The Bobble Row takes 5 times as long to knit as the rest of the rows, because of all the additional stitches it requires to make the bobble. Knit purl knit purl knit into one stitch on the front, purl back those 5, knit across the 5 stitches again… for each bobble.
Hang in there with me. There’s a point to this.
Essentially, there are two different sets of instructions for making the bobble in this pattern. On the first bobble row of the hat, I followed the “make bobble” instructions, which have you completing the bobble on the bobble row by slipping the extra stitches over. The hat instructions have you purling 5 together on the next row, on the way back – which I dutifully followed after I noticed the instructions were different.
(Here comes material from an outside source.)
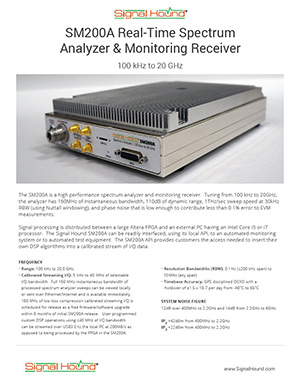 cover of signal hound sm200a data sheet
Purling 5 together is no easy feat, and the process can be riddled with mistakes. It is much simpler to slip the stitches over the bobble while you are on the bobble row. In fact, completing the bobble on the bobble row is much faster and more efficient, because you can just knit and purl on the other 3 pattern rows. And the bobble looks identical.
Ergo, you should complete the bobbles on the bobble row. Feel free to apply this tidbit of wisdom to life as well as knitting. I think it is something akin to doing it right the first time. Or maybe it is about not doing things the hard way.
Unless you know a reason why I should complete the bobble on the next row? Please leave me a comment if you do! Or just to say hi. That’s nice, too.
I hope there is a good reason why I should be knitting this hat flat and seaming it instead of knitting it in the round. Maybe some shaping magic? I can dream.